Therapeutic Implication of Genomic Landscape of Adult Metastatic Sarcoma
Bibliographic record
Abstract
PURPOSE: This study investigated therapeutic potential of integrated genome and transcriptome profiling of metastatic sarcoma, a rare but extremely heterogeneous group of aggressive mesenchymal malignancies with few systemic therapeutic options. METHODS: Forty-three adult patients with advanced or metastatic non-GI stromal tumor sarcomas of various histology subtypes who were enrolled in the Personalized OncoGenomics program at BC Cancer were included in this study. Fresh tumor tissues along with blood samples underwent whole-genome and transcriptome sequencing. RESULTS: The most frequent genomic alterations in this cohort are large-scale structural variation and somatic copy number variation. Outlier RNA expression as well as somatic copy number variations, structural variations, and small mutations together suggest the presence of one or more potential therapeutic targets in the majority of patients in our cohort. Point mutations or deletions in known targetable cancer genes are rare; for example, tuberous sclerosis complex 2 provides a rationale for targeting the mammalian target of rapamycin pathway, resulting in a few patients with exceptional clinical benefit from everolimus. In addition, we observed recurrent 17p11-12 amplifications, which seem to be a sarcoma-specific event.
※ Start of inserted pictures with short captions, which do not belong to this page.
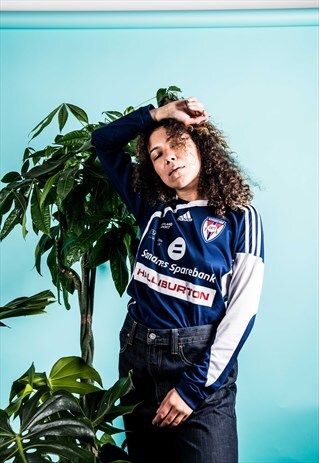 VINTAGE 1990S NAVY BLUE ADIDAS FOOTBALL SHIRT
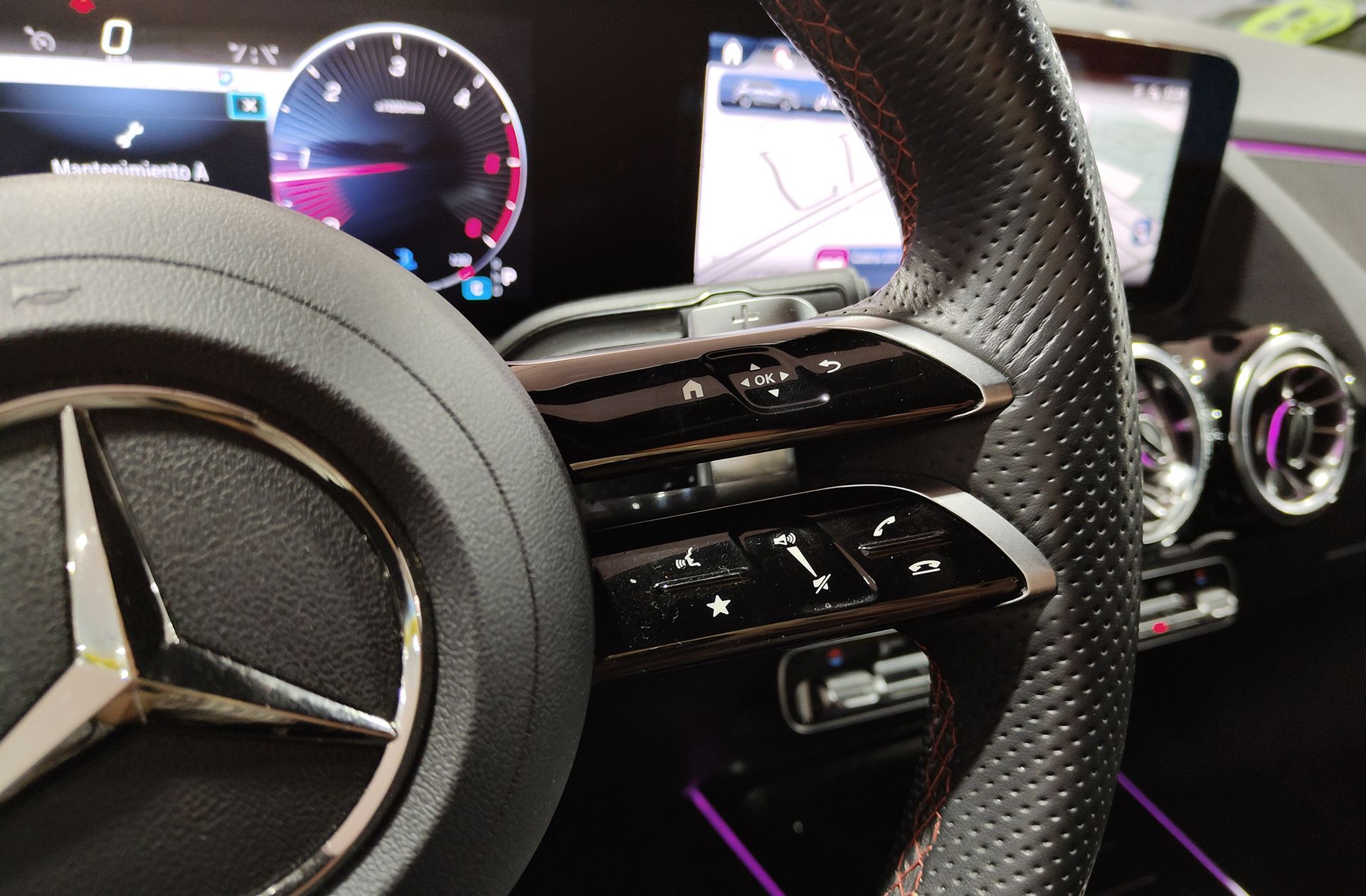 Mercedes-Benz GLA 200 d Pack AMG - foto 34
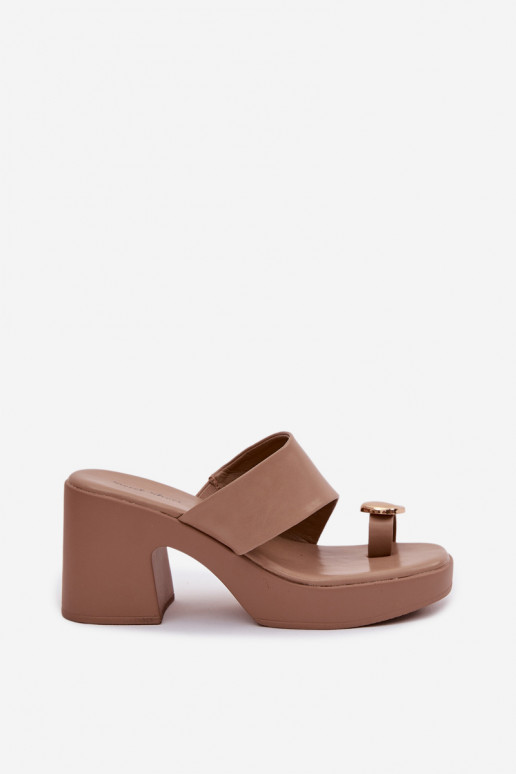 Dámske papuče Zapnuté SłupkoInym Obcasie Ze zlatej farbym Detalem béžová Sinora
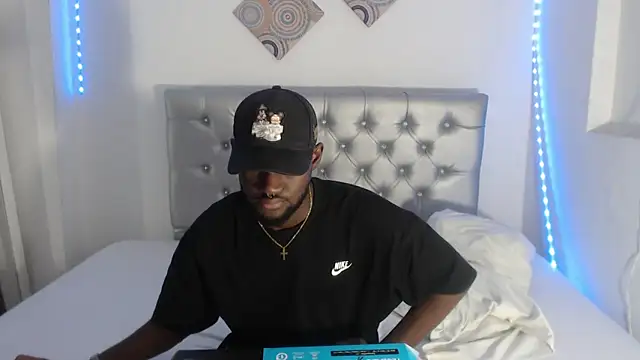 Snapshot of eebony_stallion chatting on November 19, 2025, 6:19 pm eebony stallion online show from November 19, 2025, 6:19 pm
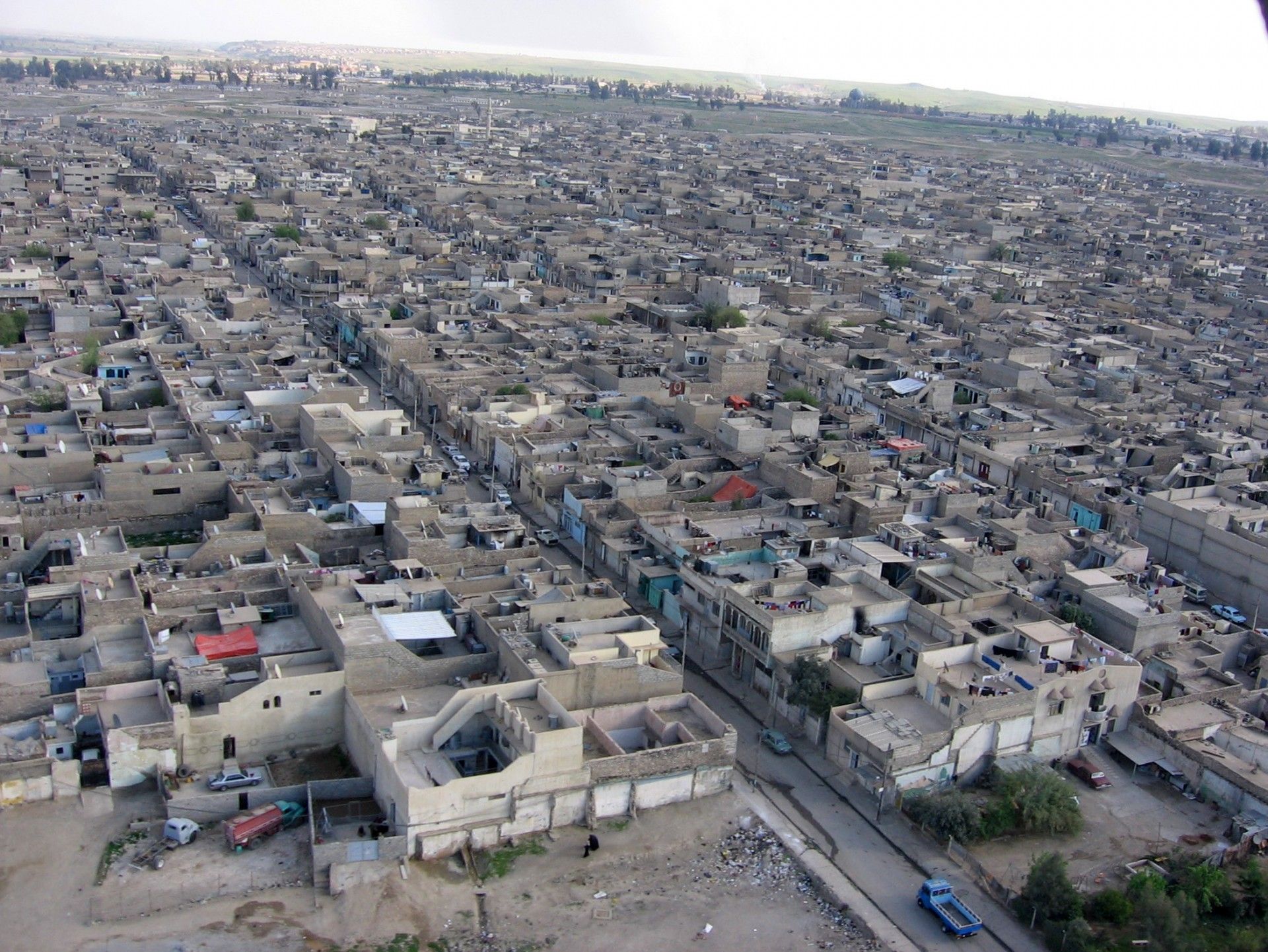 Miasto Mosul na północy Iraku zostało zajęte przez terrorystów z organizacji Islamskie Państwo Iraku i Lewantu. Na zdjęciu Mosul w 2006 roku. Fot. US DoD.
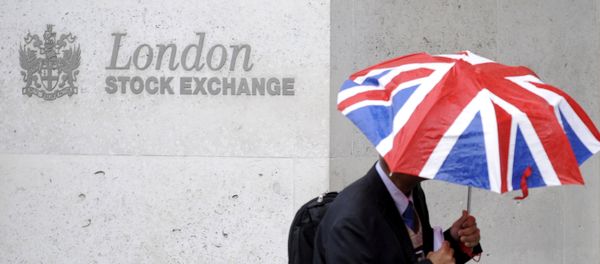 A worker shelters from the rain as he passes the London Stock Exchange in the City of London at lunchtime A worker shelters from the rain as he passes the London Stock Exchange in the City of London at lunchtime - Sputnik International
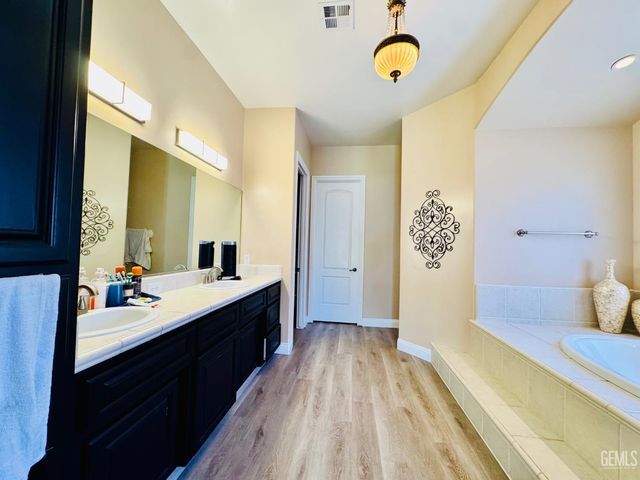 11502 Summit Point Court, Bakersfield, CA 93312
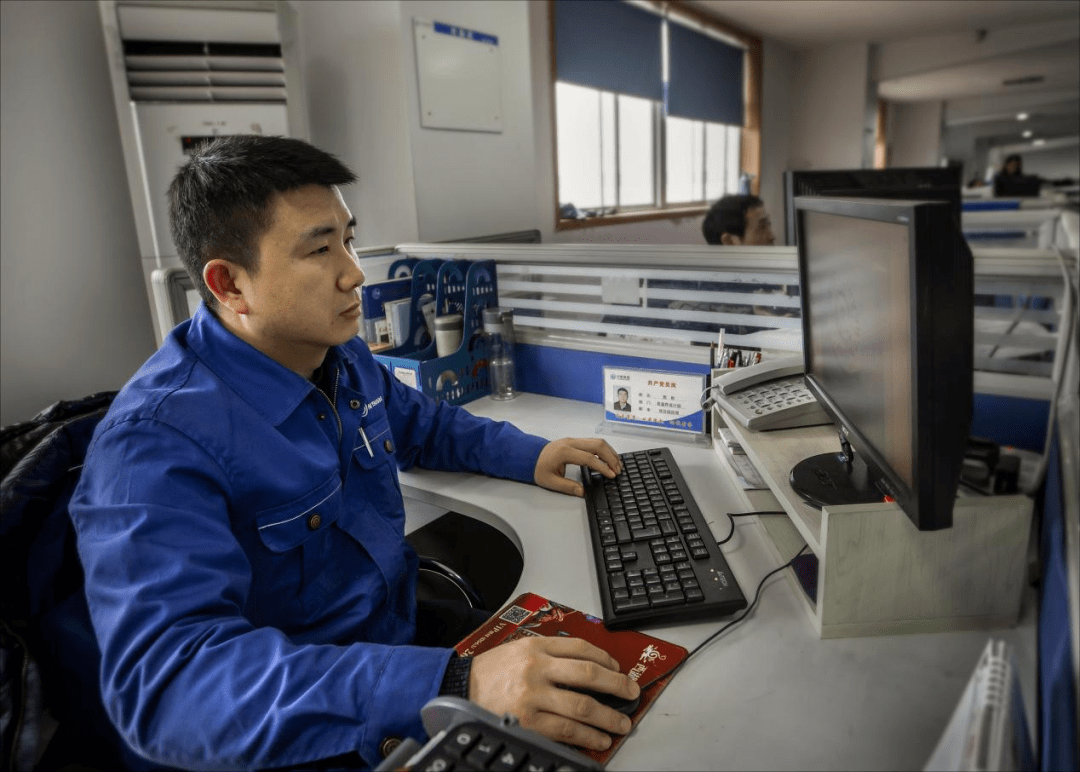 中国好人敖彬：奋斗的模样就是幸福的模样_工作_公司_时间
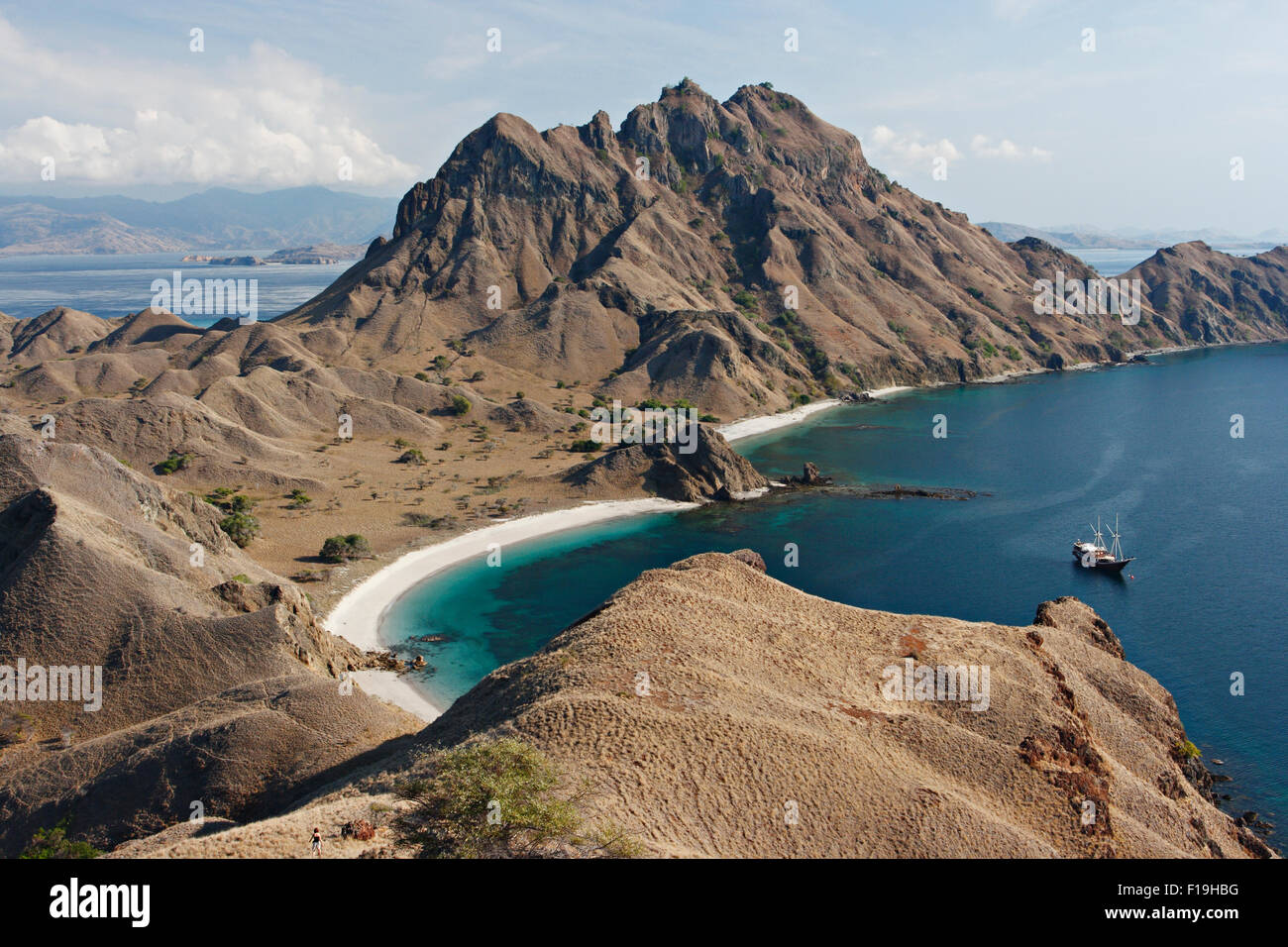 Px2296-D. sorprendente vista dalla cima Padar Isola, Parco Nazionale di Komodo. Barca 'Sanche dei mari nell'alloggiamento. Indonesia, Oceano Pacifico. Ph Foto Stock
This may suggest that this region harbors an oncogene(s) that is significant for sarcoma tumorigenesis. Furthermore, some sarcoma tumors carrying a distinct mutational signature suggestive of homologous recombination deficiency seem to demonstrate sensitivity to double-strand DNA-damaging agents. CONCLUSION: Integrated large-scale genomic analysis may provide insights into potential therapeutic targets as well as novel biologic features of metastatic sarcomas that could fuel future experimental and clinical research and help design biomarker-driven basket clinical trials for novel therapeutic strategies.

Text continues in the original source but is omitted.